Pros and Cons for more modularisation #1534

nicholascar · 2020-05-01T03:44:26Z

nicholascar
May 1, 2020
Maintainer

Refactoring the RDFlib package into a core and a series of satellite repositories has been proposed for a long time (see Issue #391) and it was considered a possible goal of RDFlib's 6.0.0 release.

In order to proceed, we need at least some pros and cons of such as move, as well as a refactoring suggestions (what stays in core, what moves out) and this Issue is to document that.

Please add comments to this starting with PRO: or CON: and your suggestions for what should be in or out of core, with reference to the current repo structure.

tgbugs · 2020-05-01T04:41:46Z

tgbugs
May 1, 2020

CON: More packages means more work for maintainers. In my experience time cost is essentially constant per package per release, so if you split a single package into 10 you have 10x the work that you have to dedicate to managing releases. This is the general boilerplate overhead.

CON: Could increase the number of dependencies and complicate the process needed to get the right set of optional dependencies for some desired functionality.

Can we get more modularization internally within the rdflib repository without adding the maintenance overhead?

What release cycles currently suffer because of the current system?

Are there clear examples where some code could be used by another project? If the code is only used by rdflib then it seems like there is only a cost.

I'll add some pros at some point.

0 replies

niklasl · 2020-05-01T09:49:48Z

niklasl
May 1, 2020
Maintainer

PRO: If a feature depends on a third-party library, that burdens anyone who only needs to use the core features. As it stands, I doubt we have much of that though. If e.g. RDFa parsing depends on html5lib though, that's a case. One can conceive of future cases though, like efficient stream parsers or asynchronous handling of networking.

(I do think it's better for RDFLib to err on the side of pragmatic though, i.e. a bit heavier on features and dependencies is reasonably good enough. Still, third-party dependency issues have historically and will possibly continue to crop up occasionally.)

4 replies

aucampia Jan 17, 2022
Maintainer

One option to manage this is to just build out RDFLib in a way where these things can be controlled with extras, e.g. pip install rdflib[html] results in everything you need to make RDFa work and if you try use RDFa without having the dependencies you get an error informing you that you need to install with html extras.

nicholascar Jan 17, 2022
Maintainer Author

That’s exactly how RDFlib did do things in the past! There were several rdflib[OPTION] pip install options, but we’ve included many of them now, like JSON-LD.

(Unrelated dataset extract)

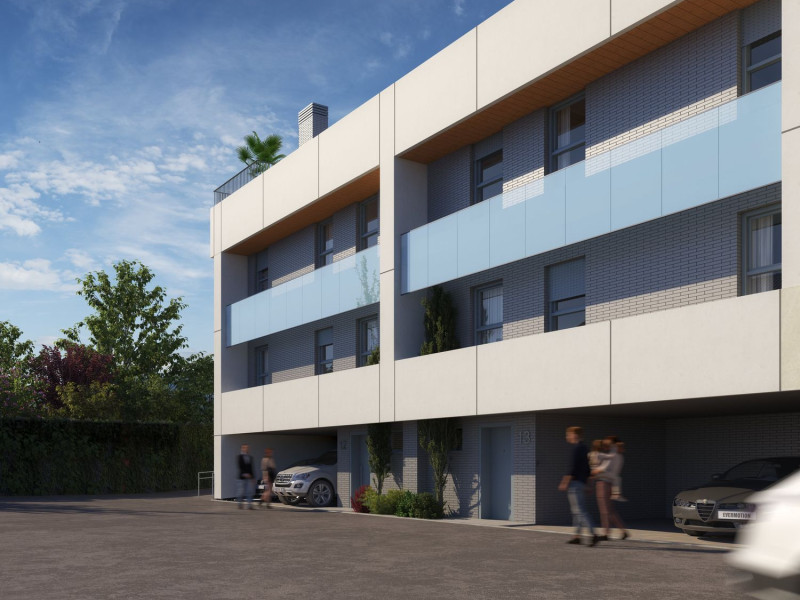 New construction Auditorium Residencial in Rivas-Vaciamadrid photo 4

I much prefer monolithic now, when modules are at least reasonably stable: so much less maintenance effort. Since JSON-LD’s inclusion in the core, all the JSON-LD function have been tested so many more times than they otherwise would have due to their inclusion in round tripping and so on.

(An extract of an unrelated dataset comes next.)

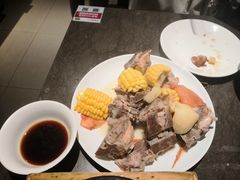 -汤城小厨•粤菜•靓汤(苏州街店)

It’s certainly ok to leave modules out when they are in early stage dev, but we should include them when mature, unless they greatly increase dependencies or something like that.

aucampia Jan 17, 2022
Maintainer

I also think that monolithic makes it easier to maintain and keep everything working, it does add some overhead, but it is a lot less than maintaining a separate repo.

If people are not okay with using extras then one other option is maybe a monorepo from which we publish several packages, but not sure how well this will work and I think it is only worth investigating if there is some concrete problem to address.

mwatts15 Jan 19, 2022

My core issue with tying diverse features into one package is that it ties my consideration of compatibility with the core to whether or not I need a feature. It increases my overhead when there are new releases that either have no changes in the core, or have only fixes in the core: I'm still obliged to read through all the release notes and integration test in case there is a change that affects my package. OTOH, what if I wanted to use something that could be a separate distributed pluggable feature, but it's only available if I upgrade? I may not want to upgrade since it would break my package. You may say, "that's just the cost of getting the new feature," but that would only be because the choice was made not to let that feature have its own release cycle, so it doesn't have to be that way.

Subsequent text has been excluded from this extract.